Democrats’ latest move in Congress puts DC statehood closer to reality than it has ever been. Even after the bill passed in the last Congress, the Republican-controlled Senate ensured it didn’t get anywhere near the Senate floor, not even for a committee hearing. But with Democrats holding a slim majority in the Senate, DC statehood advocates are hopeful that the bill might at least get a fair hearing in the Senate this time around, even if moderate Democrats in the chamber stick with rules that would allow Republicans to filibuster it from becoming reality. Though most Democrats, including President Joe Biden and Vice President Kamala Harris, support statehood, overall support for it isn’t as enthusiastic, according to some of the latest polls.
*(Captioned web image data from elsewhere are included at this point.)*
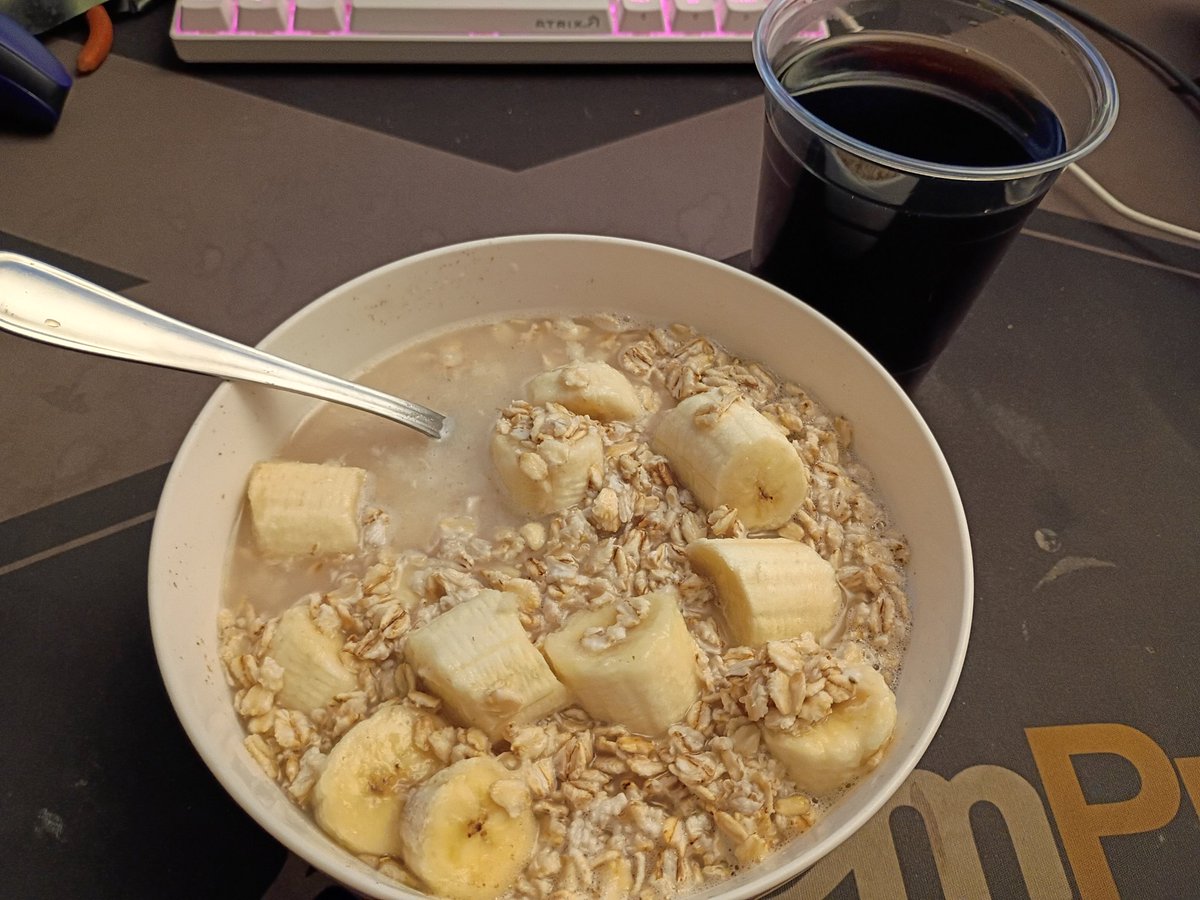 Cake_Kee_'s tweet photo. Good morning 😴💤🥱 .
Oatmeal with banana 🍌
And coffee .
. It's about 4:18 am now in Arizona
#arizonamorning
#nativelife https://t.co/BAnXOsN0CK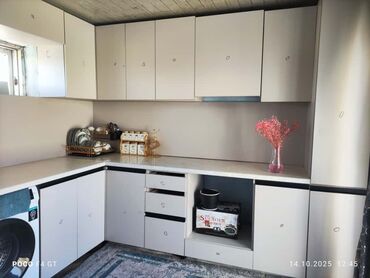купить дом в московском районе: Времянка, 5 кв. м, 2 бөлмө, Менчик ээси, Эски ремонт
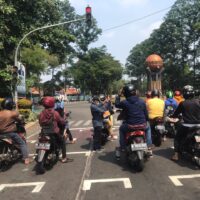 Garis Pembatas Kendaraan Roda Dua di Kota Tangerang Dianggap Tak Efektif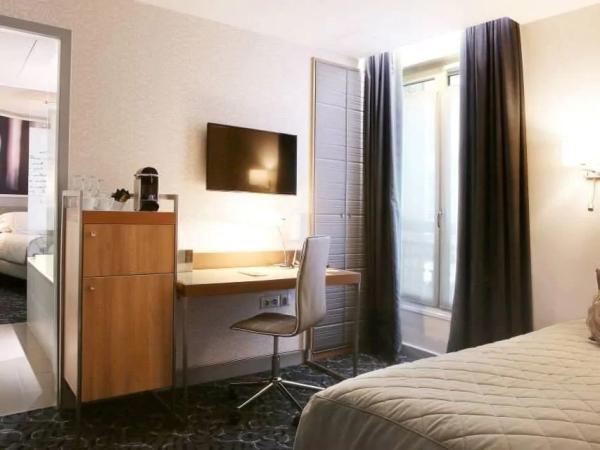 Guinea-Bissau hotel bedroom furniture set from China factory of wood bed with mattress and wood cabinet table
HR 51 was introduced at the beginning of the year by DC’s longtime nonvoting House member, Rep. Eleanor Holmes Norton, who has championed statehood for the entirety of her three decades in Congress. Since then, the bill has entertained vigorous debate in House committees. Statehood has long been a racial justice issue, as the district is a historically Black city and its federal designation has long disenfranchised hundreds of thousands of Black residents from having a vote in Congress. House Democrats have argued that HR 51 is a way to correct this disenfranchisement. But House Republicans have rebutted this argument, coming up with all kinds of different objections to statehood—sometimes wild and nonsensical—in an attempt to shy away from the fact that giving DC residents representation is, at its core, a voting rights issue. “Congress has both the moral obligation and the constitutional authority to pass H.R. 51.,” Norton said in her comments to the House before the full vote.
Now that DC statehood has overcome its first hurdle in the House, it’s heading to the Senate. While it’s more likely to come up for some level of discussion than the last time the House passed a similar measure, it’s unclear if it’ll make it to Senate floor this year for a vote, as Democrats are prioritizing plenty of other bills in the air at the moment, including Biden’s infrastructure plan. And the bill still needs to find support from some moderate Democrats in the Senate who’ve been coy about their support for DC statehood, including Sens. Joe Manchin (D-W.V.), Kyrsten Sinema (D-Ariz.), Mark Kelly (D-Ariz.), and Jeanne Shaheen (D-N.H.), if it has any chance of a floor vote.